┌─ MATERIAL PROVIDED

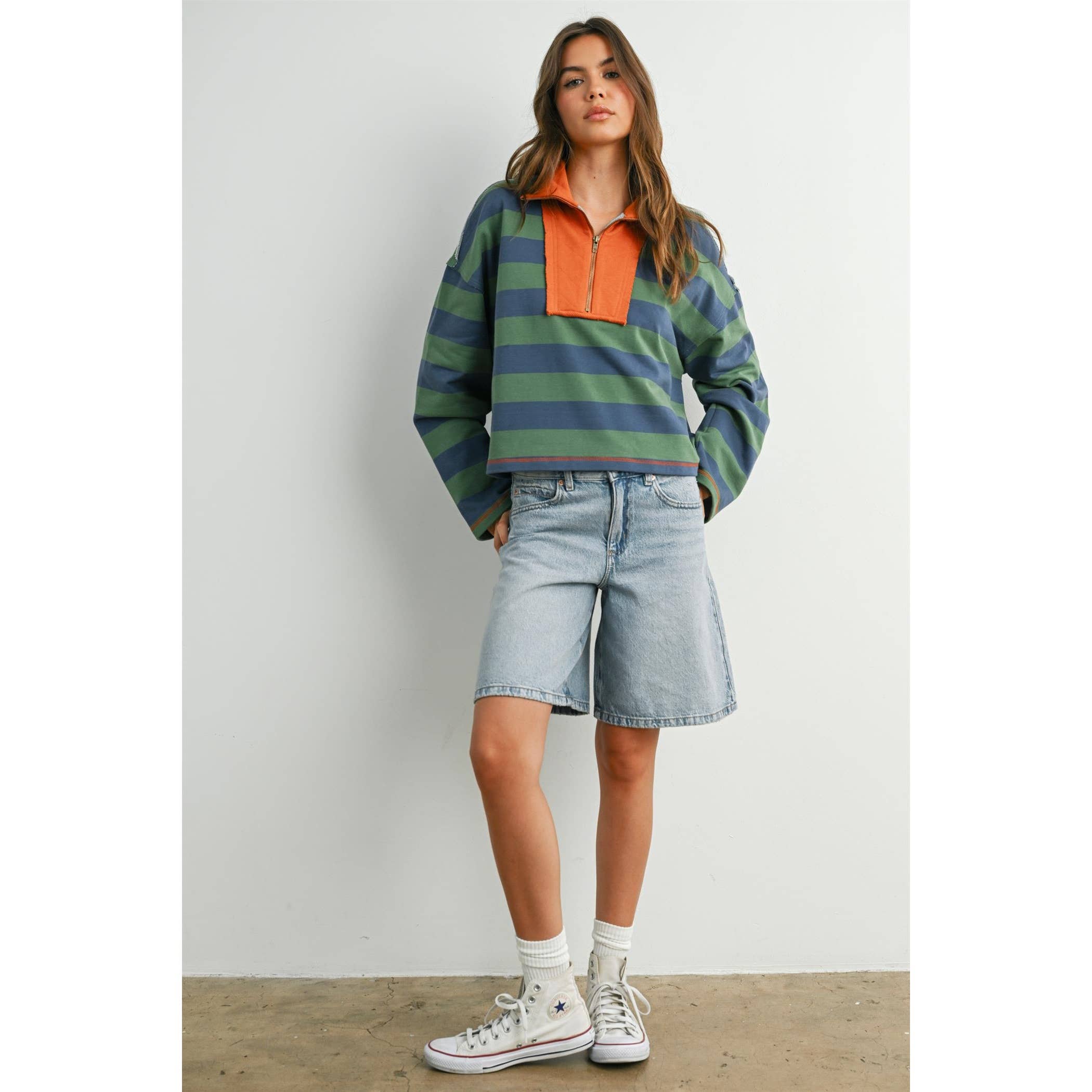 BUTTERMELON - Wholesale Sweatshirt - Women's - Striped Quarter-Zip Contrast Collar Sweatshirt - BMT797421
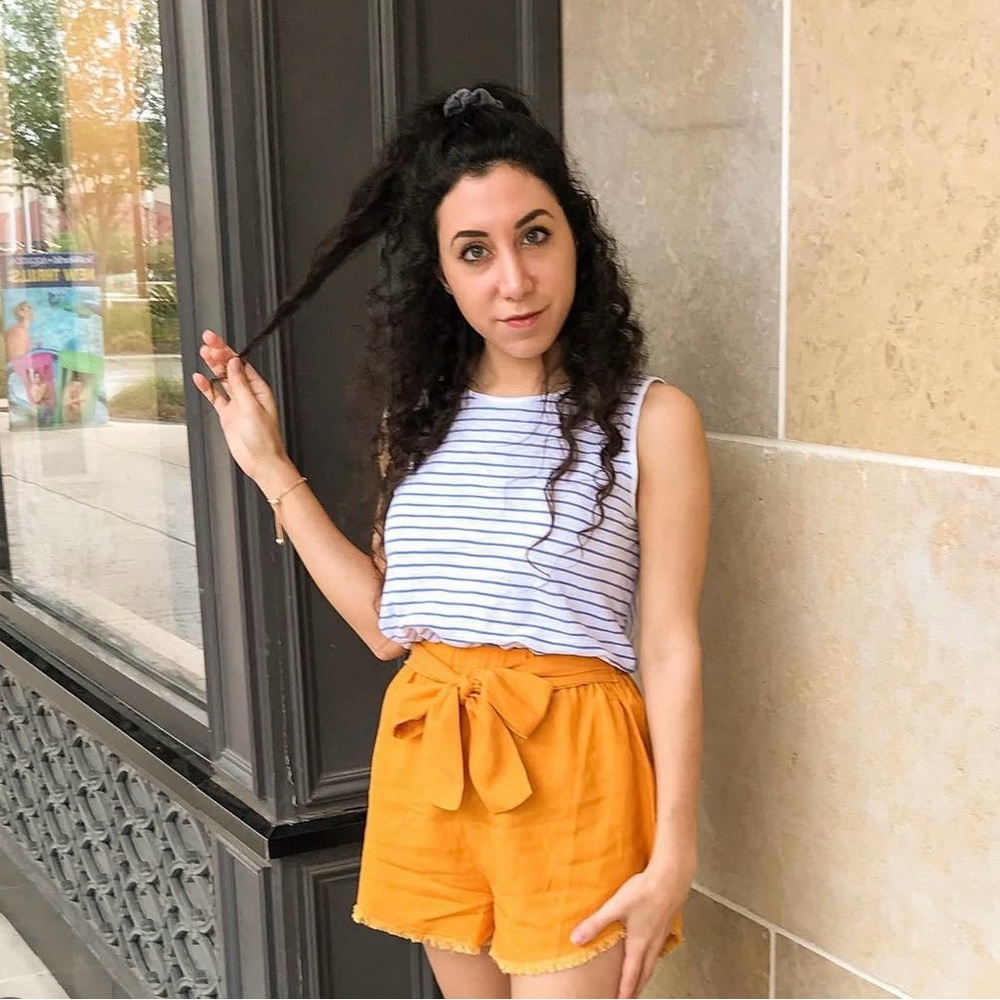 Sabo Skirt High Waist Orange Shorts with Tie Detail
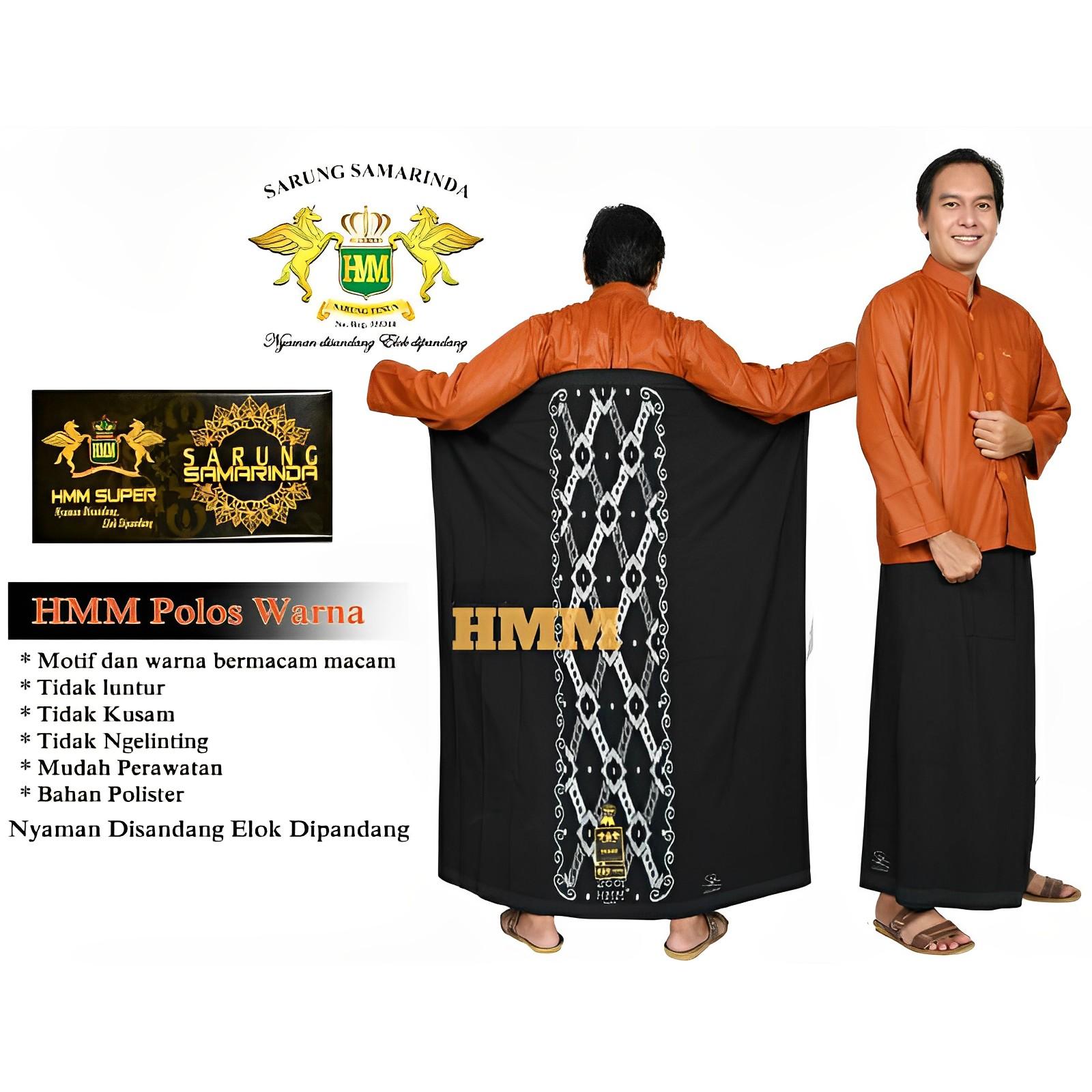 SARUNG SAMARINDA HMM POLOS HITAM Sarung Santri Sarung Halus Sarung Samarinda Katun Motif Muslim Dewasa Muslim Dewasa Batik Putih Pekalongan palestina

└─
┌─ MATERIAL PROVIDED

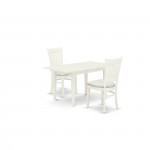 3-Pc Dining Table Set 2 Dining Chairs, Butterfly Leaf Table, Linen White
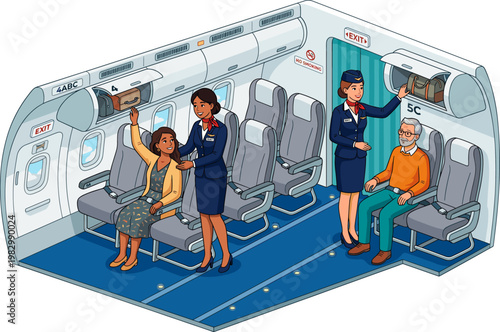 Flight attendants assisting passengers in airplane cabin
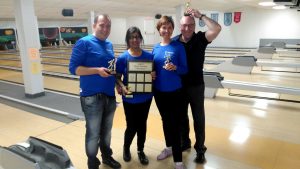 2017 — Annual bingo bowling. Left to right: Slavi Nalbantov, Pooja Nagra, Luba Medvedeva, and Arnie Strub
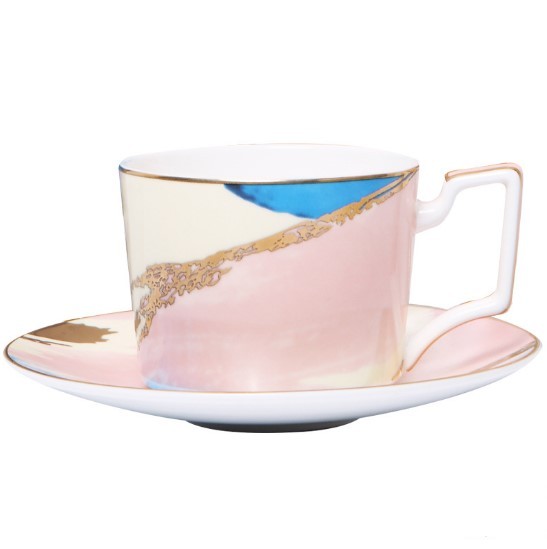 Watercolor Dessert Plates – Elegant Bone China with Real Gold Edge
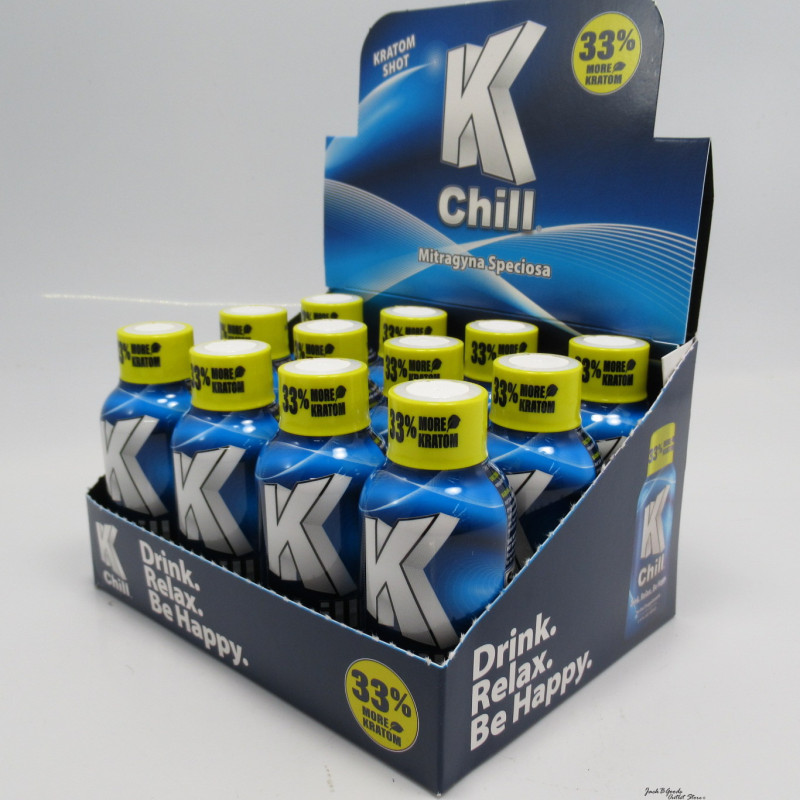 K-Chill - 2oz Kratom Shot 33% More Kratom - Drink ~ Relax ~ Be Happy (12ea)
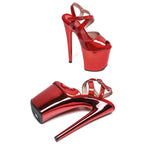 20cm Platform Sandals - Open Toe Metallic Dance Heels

└─

INSTRUCTIONS TO FOLLOW:
From the listing above, restate verbatim the lines running from the one with "2017 — Annual" through the one with "20cm Platform Sandals", inclusive, but not the pictures.

TASK RESULT:
 2017 — Annual bingo bowling. Left to right: Slavi Nalbantov, Pooja Nagra, Luba Medvedeva, and Arnie Strub
 Watercolor Dessert Plates – Elegant Bone China with Real Gold Edge
 K-Chill - 2oz Kratom Shot 33% More Kratom - Drink ~ Relax ~ Be Happy (12ea)
 20cm Platform Sandals - Open Toe Metallic Dance Heels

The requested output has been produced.